[Work item] Only one span of the listing below is wanted: the lines from the one with "You should not" through the one with "If affordable style", reproduced exactly, both ends kept.

[Record set]
= = = = = = =
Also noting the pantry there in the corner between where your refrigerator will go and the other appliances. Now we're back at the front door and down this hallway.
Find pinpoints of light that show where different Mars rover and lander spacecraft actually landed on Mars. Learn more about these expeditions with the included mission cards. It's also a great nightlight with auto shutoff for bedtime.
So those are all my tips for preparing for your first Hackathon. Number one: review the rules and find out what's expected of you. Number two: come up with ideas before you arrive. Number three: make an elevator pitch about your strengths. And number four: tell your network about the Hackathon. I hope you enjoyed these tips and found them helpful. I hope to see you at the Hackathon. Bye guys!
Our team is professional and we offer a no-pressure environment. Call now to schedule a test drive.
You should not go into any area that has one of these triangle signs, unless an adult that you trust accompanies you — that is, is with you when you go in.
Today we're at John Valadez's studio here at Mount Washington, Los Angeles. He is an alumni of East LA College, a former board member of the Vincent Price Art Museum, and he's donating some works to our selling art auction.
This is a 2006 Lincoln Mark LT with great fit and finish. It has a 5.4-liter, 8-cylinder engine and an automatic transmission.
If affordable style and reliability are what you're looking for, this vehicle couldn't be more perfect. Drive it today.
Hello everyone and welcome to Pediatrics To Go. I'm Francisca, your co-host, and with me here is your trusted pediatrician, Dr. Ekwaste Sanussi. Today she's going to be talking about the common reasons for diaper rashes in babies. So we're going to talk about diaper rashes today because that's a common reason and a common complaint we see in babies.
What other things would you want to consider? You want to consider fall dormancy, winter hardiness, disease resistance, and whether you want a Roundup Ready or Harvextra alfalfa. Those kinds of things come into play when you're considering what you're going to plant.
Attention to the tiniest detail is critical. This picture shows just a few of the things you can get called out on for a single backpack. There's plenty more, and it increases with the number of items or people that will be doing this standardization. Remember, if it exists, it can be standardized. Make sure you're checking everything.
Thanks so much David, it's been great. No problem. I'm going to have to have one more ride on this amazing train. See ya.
= = = = = = =
[Answer section]
You should not go into any area that has one of these triangle signs, unless an adult that you trust accompanies you — that is, is with you when you go in.
Today we're at John Valadez's studio here at Mount Washington, Los Angeles. He is an alumni of East LA College, a former board member of the Vincent Price Art Museum, and he's donating some works to our selling art auction.
This is a 2006 Lincoln Mark LT with great fit and finish. It has a 5.4-liter, 8-cylinder engine and an automatic transmission.
If affordable style and reliability are what you're looking for, this vehicle couldn't be more perfect. Drive it today.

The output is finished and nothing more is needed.